Era questo l'ambiente delle conversazioni con gli amici. Il conte aveva realizzato inoltre nella cortina di levante altre stanze dove far sostare gli amici. Dal pianerottolo riservato ai custodi ed alla servitù si accedeva ai piani superiori dove si aprivano camere più ampie per gli ospiti. Fra questi, quelli più assidui e famosi erano: i Notabili Mantesi, il notaio Salerno, l'assessore alla pubblica istruzione, il dott. Luciano Spada, Alberto Favara, il ministro Nunzio Nasi, Gaetano Colomba, affermato storico, Giuseppe Polizzi, direttore della Biblioteca Fardelliana, e tanti, tanti altri ospiti.

Venuti a mancare il consenso e l'appoggio da parte dei nuovi gruppi di maggiorenti e amministratori il rapporto tra il comune e il conte cominciò ad indebolirsi.

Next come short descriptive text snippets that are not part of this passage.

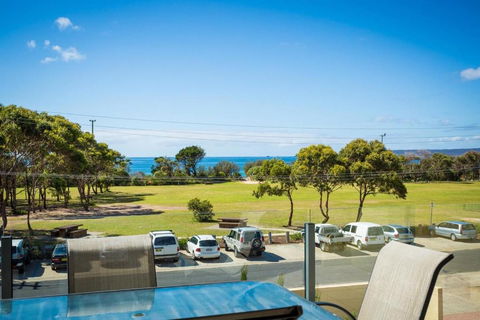 Seachange 3 - Holiday Adelaide 3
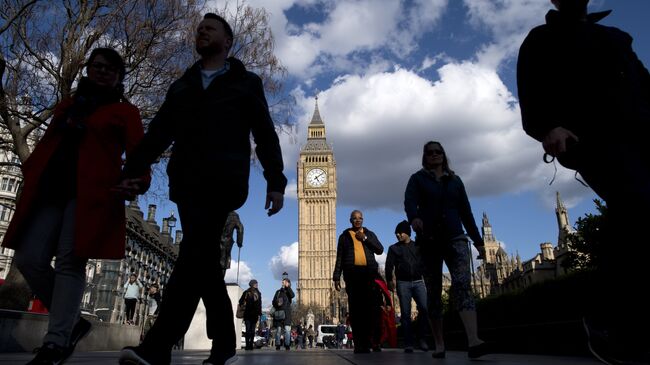 Прохожие у здания Парламента в Лондоне, Великобритания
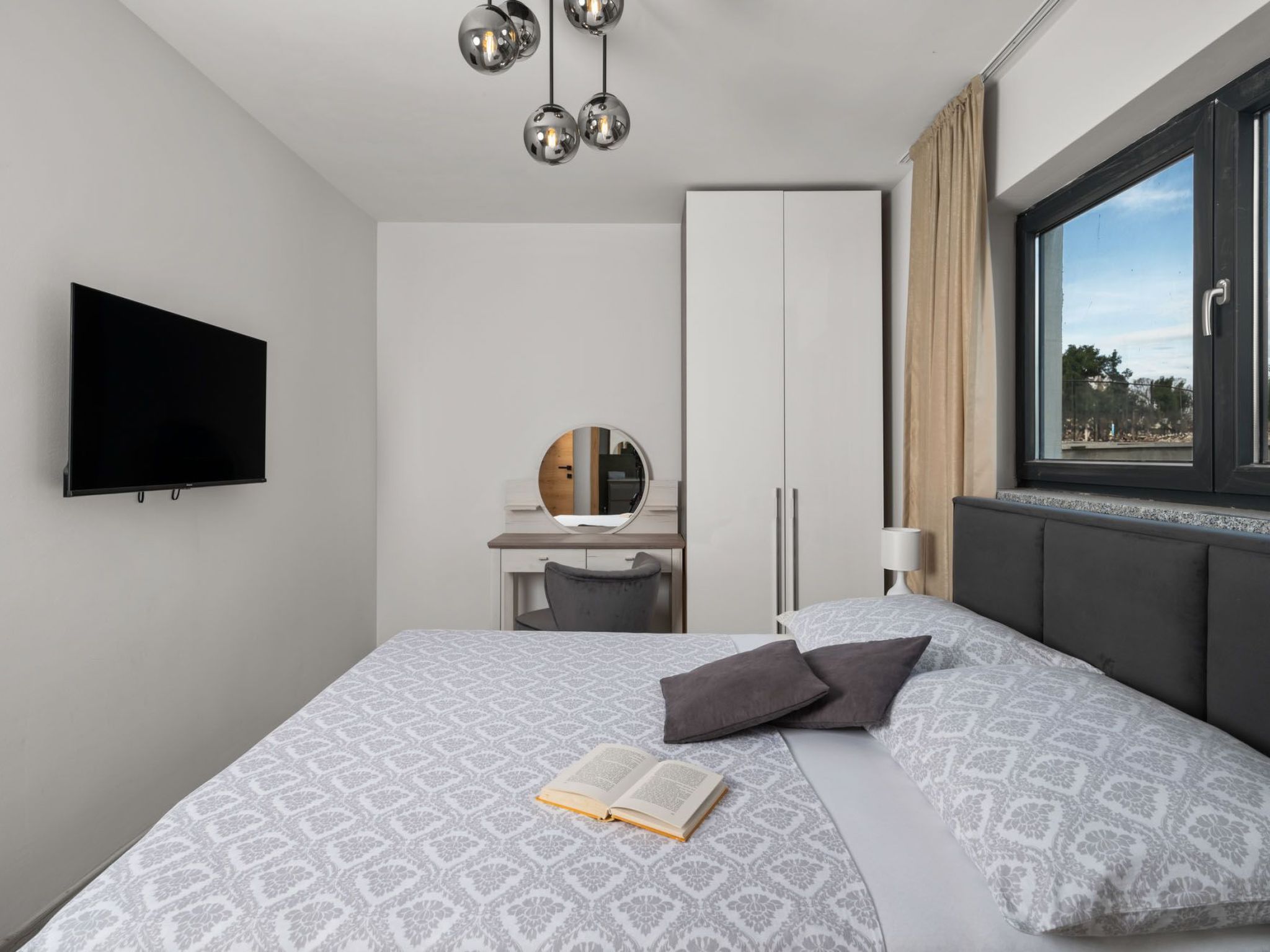 Sunset Villa Santalezi-Binnen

Le nuove leve che si erano imposte nelle vicende politiche della vita cittadina, tese prevalentemente ad affermare il proprio potere, ritennero secondario ogni interesse che riguardasse la cultura e non tennero conto di ciò che aveva realizzato Pepoli a Monte S. Giuliano dal 1872 fino ai primi del ‘900.

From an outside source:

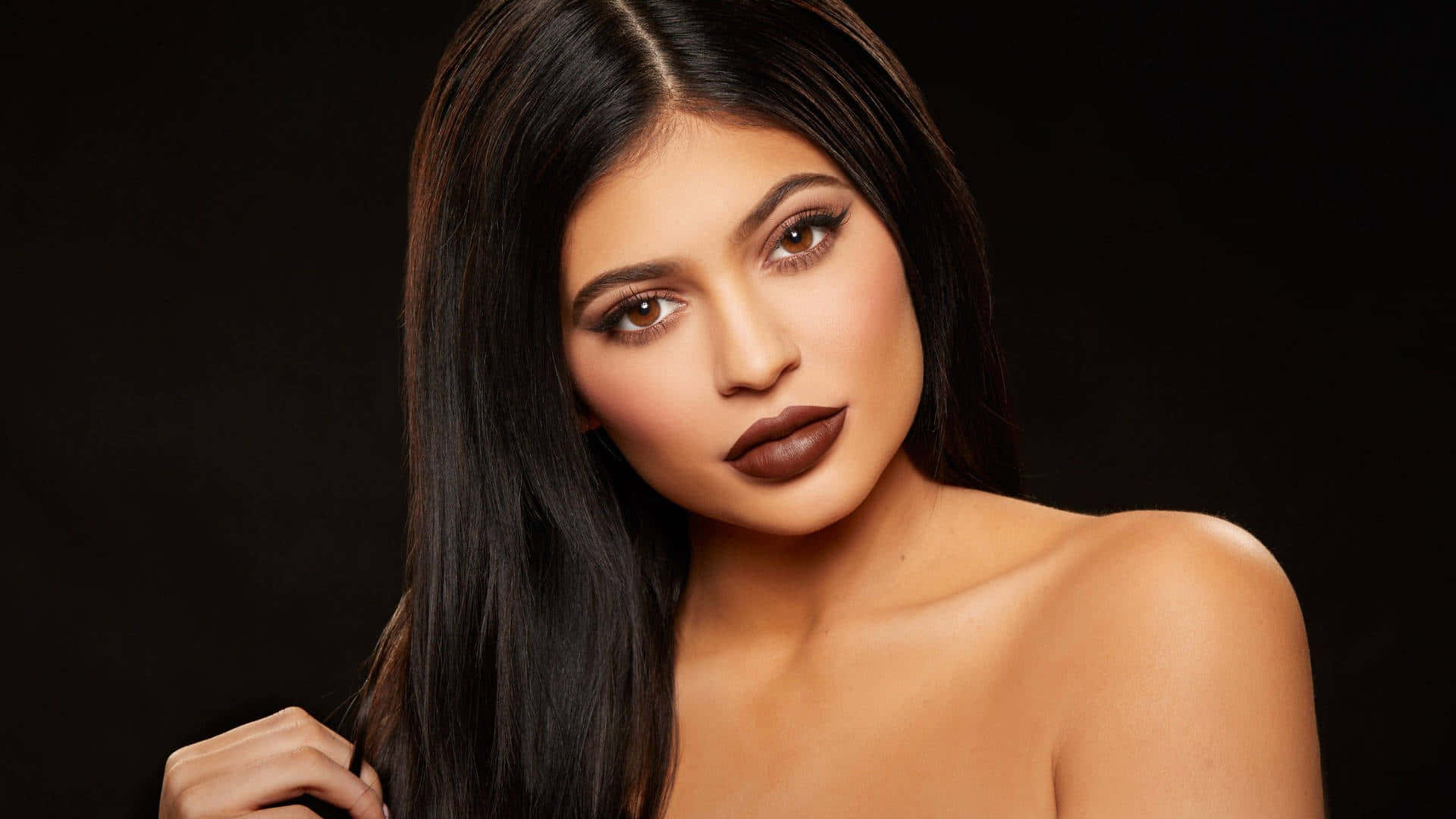 Kylie Jenner, 4K, long dark hair, Full HD Desktop Wallpaper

Pepoli pensò anche di restaurare a sue spese l'edificio che doveva servire per la fanteria spagnola e di conservare i reperti archeologici da lui scoperti, le opere d'arte, gioielli preziosi, statue, quadri; ma il decadente quartiere non gli fu concesso. Il conte aveva programmato la creazione di un grande parco sottostante al castello e alla torretta da lui fatta costruire, si era proposto inoltre di ridurre la contrada dei Runzi, ma non gli furono concessi neanche questi progetti.

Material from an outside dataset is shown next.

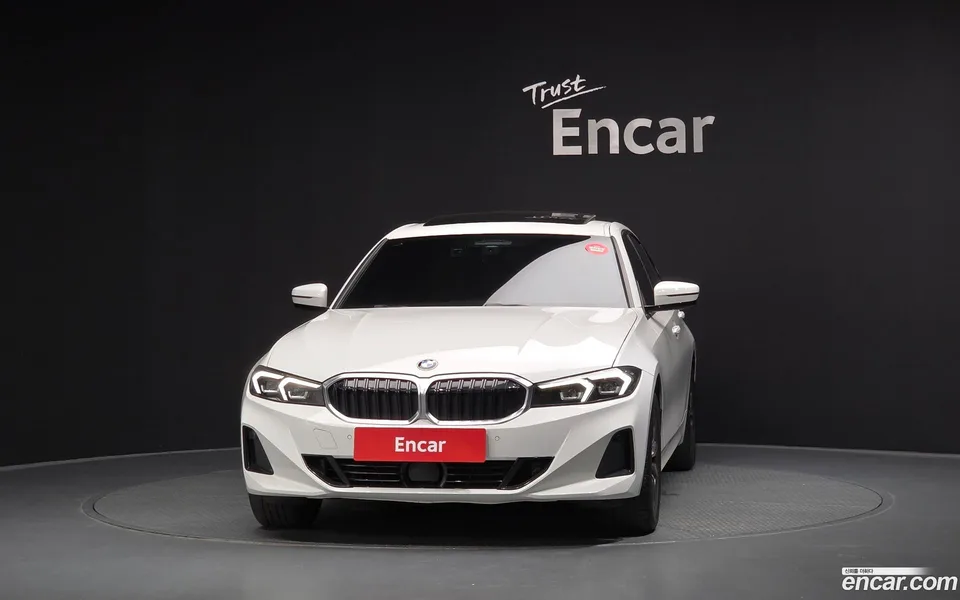 BMW 3 Series 320i 2024 — thumbnail 3
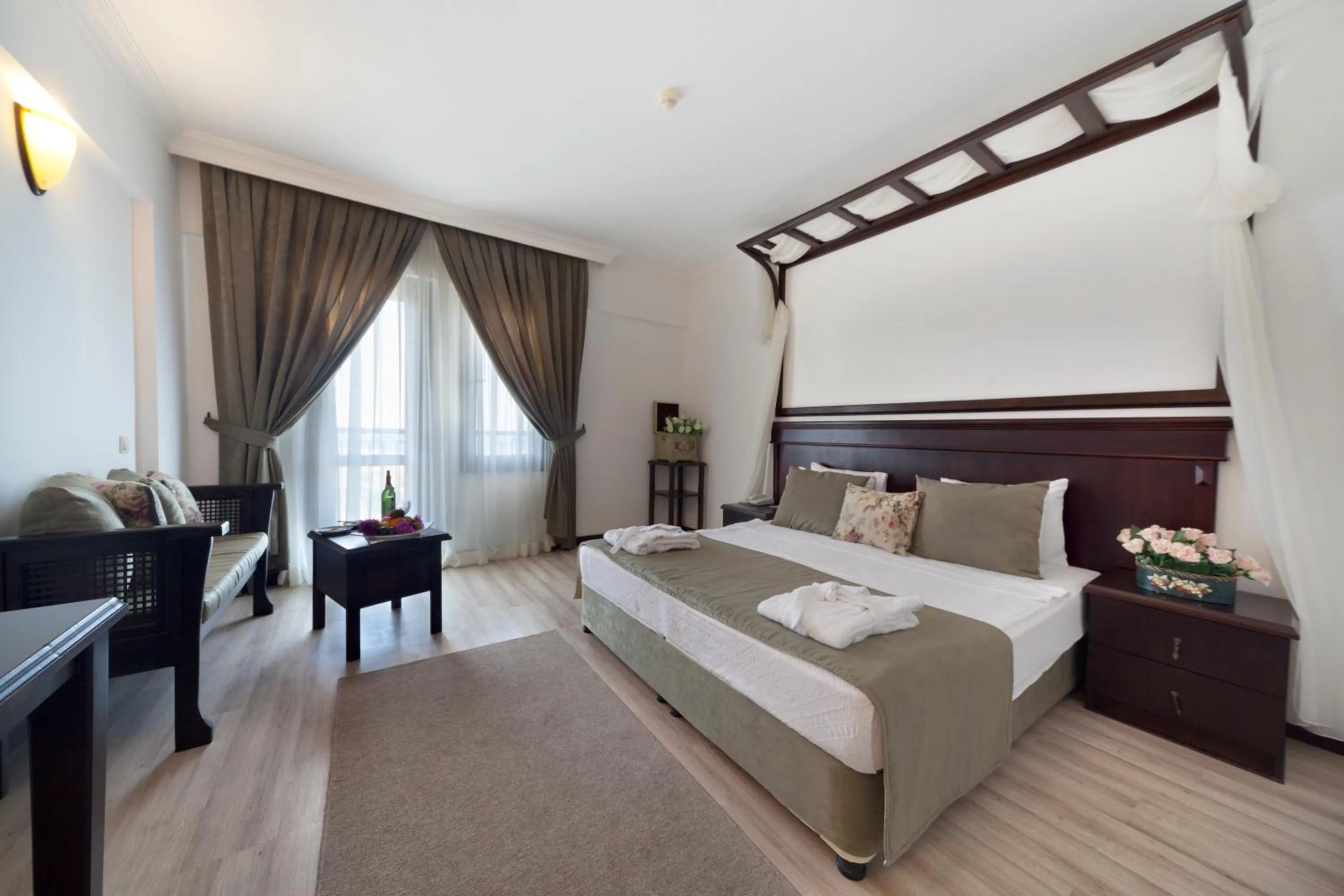 Bedroom, Bed in Crystal Hotel Bodrum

All'inizio del ‘900 il Pepoli amareggiato se ne andò da Erice e si trasferì a Trapani portando con sé ciò che aveva raccolto e conservato nel castello.

Stabilitosi a Trapani Pepoli volle fondarvi un museo.

Amico di Pepoli fu Eugenio Scio direttore dell'ospedale S.Antonio e Sindaco della città. Pepoli si rivolse a Scio per la realizzazione di un nuovo e moderno museo. Nel 1906 a Trapani vi erano due nuclei d'arte: il primo era quello presso la Biblioteca Fardelliana, donata dal trapanese generale Giovan Battista Fardella; il secondo era la Pinacoteca comunale, formatasi in seguito alla raccolta di opere d'arte provenienti dalle corporazioni religiose. Il nuovo museo nacque dall'unione dei due nuclei d'arte più il patrimonio del Pepoli. Dove costruire il museo? Il maestoso convento carmelitano dell'Annunziata, uno dei più antichi dell'ordine in Sicilia, era stato in parte utilizzato come sede di una scuola elementare e in un'altra parte come caserma dei carabinieri, la maggior parte dei locali erano abbandonati. Con la lettera indirizzata al Sindaco, il 18 Novembre 1906 Pepoli lancia il suo grande progetto. Scio mostra subito il progetto del Pepoli al Consiglio, che lo approva il 23 Novembre 1906.

Come prima cosa bisognava rendere disponibili i locali dell'ex convento dei Carmelitani.

Lavorando senza sosta Pepoli restaurò a sue spese i locali; ottenne dal Sindaco il consenso del trasferimento della Pinacoteca comunale nel museo nonché di cimeli storici appartenenti al Comune e quadri di sua proprietà: creò la Villa Pepoli.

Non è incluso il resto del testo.